Detect IO errors during device removal

* Detect IO errors during device removal While device removal cannot verify the checksums of individual blocks during device removal, it can reasonably detect hard IO errors from the leaf vdevs. Failure to perform this error checking can result in device removal completing successfully, but moving no data which will permanently corrupt the pool. Situation 1: faulted/degraded vdevs In the configuration shown below, the removal of mirror-0 will permanently corrupt the pool. Device removal will preferentially copy data from 'vdev1 -> vdev3' and from 'vdev2 -> vdev4'. Which in this case will result in nothing being copied since one vdev in each of those groups in unavailable. However, device removal will complete successfully since all IO errors are ignored. tank DEGRADED 0 0 0 mirror-0 DEGRADED 0 0 0 /var/tmp/vdev1 FAULTED 0 0 0 external fault /var/tmp/vdev2 ONLINE 0 0 0 mirror-1 DEGRADED 0 0 0 /var/tmp/vdev3 ONLINE 0 0 0 /var/tmp/vdev4 FAULTED 0 0 0 external fault This issue is resolved by updating the source child selection logic to exclude unreadable leaf vdevs. Additionally, unwritable destination child vdevs which can never succeed are skipped to prevent generating a large number of write IO errors. Situation 2: individual hard IO errors During removal if an unexpected hard IO error is encountered when either reading or writing the child vdev the entire removal operation is cancelled. While it may be possible to reconstruct the data after removal that cannot be guaranteed. The only strictly safe thing to do is to cancel the removal. As a future improvement we may want to instead suspend the removal process and allow the damaged region to be retried. But that work is left for another time, hard IO errors during the removal process are expected to be exceptionally rare. Reviewed-by: Serapheim Dimitropoulos <[email protected]> Reviewed-by: Tony Hutter <[email protected]> Reviewed-by: Tom Caputi <[email protected]> Signed-off-by: Brian Behlendorf <[email protected]> Issue #6900 Closes #8161
author: Brian Behlendorf <[email protected]> 2018-12-04 09:37:37 -0800
committer: GitHub <[email protected]> 2018-12-04 09:37:37 -0800
commit: 7c9a42921e60dbad0e3003bd571591f073860233 (patch)
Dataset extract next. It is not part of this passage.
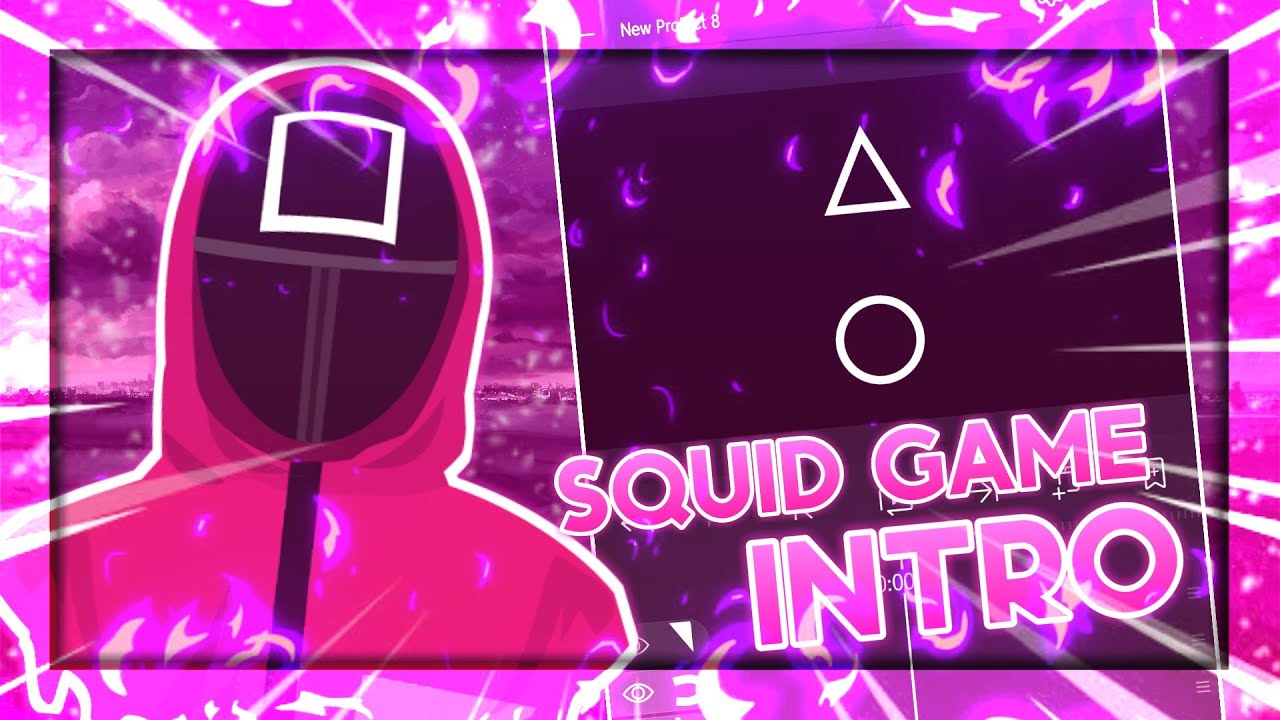 Squid Game Intro Tutorial (In Your Phone) | Alight Motion 3.10.2 |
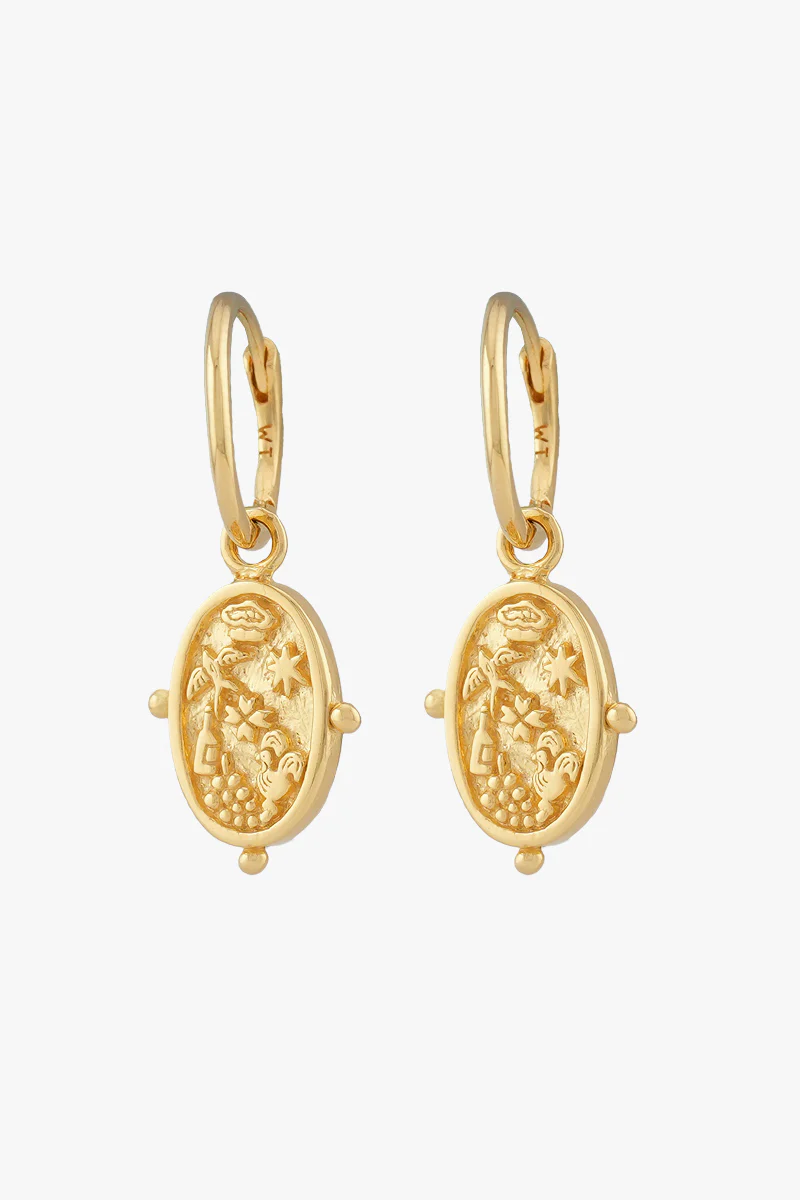Vida A Lisboa Hoop Gold Plated - Image 6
tree: 7dcdfdf535f286a9c3d4dc5f4996ed0e59c501c2 /module
parent: c40a1124e1d1010b665909ad31d2904630018f6f (diff)
1 files changed, 89 insertions, 11 deletions
diff --git a/module/zfs/vdev_removal.c b/module/zfs/vdev_removal.c
index 49b9ed3a1..5952a5d8f 100644
--- a/module/zfs/vdev_removal.c
+++ b/module/zfs/vdev_removal.c
@@ -80,6 +80,8 @@
 typedef struct vdev_copy_arg {
 	metaslab_t	*vca_msp;
 	uint64_t	vca_outstanding_bytes;
+	uint64_t	vca_read_error_bytes;
+	uint64_t	vca_write_error_bytes;
 	kcondvar_t	vca_cv;
 	kmutex_t	vca_lock;
 } vdev_copy_arg_t;
@@ -100,6 +102,14 @@ int zfs_remove_max_copy_bytes = 64 * 1024 * 1024;
 int zfs_remove_max_segment = SPA_MAXBLOCKSIZE;
 
 /*
+ * Ignore hard IO errors during device removal.  When set if a device
+ * encounters hard IO error during the removal process the removal will
+ * not be cancelled.  This can result in a normally recoverable block
+ * becoming permanently damaged and is not recommended.
+ */
+int zfs_removal_ignore_errors = 0;
+
+/*
  * Allow a remap segment to span free chunks of at most this size. The main
  * impact of a larger span is that we will read and write larger, more
  * contiguous chunks, with more "unnecessary" data -- trading off bandwidth
@@ -126,6 +136,7 @@ int zfs_removal_suspend_progress = 0;
 #define	VDEV_REMOVAL_ZAP_OBJS	"lzap"
 
 static void spa_vdev_remove_thread(void *arg);
+static int spa_vdev_remove_cancel_impl(spa_t *spa);
 
 static void
 spa_sync_removing_state(spa_t *spa, dmu_tx_t *tx)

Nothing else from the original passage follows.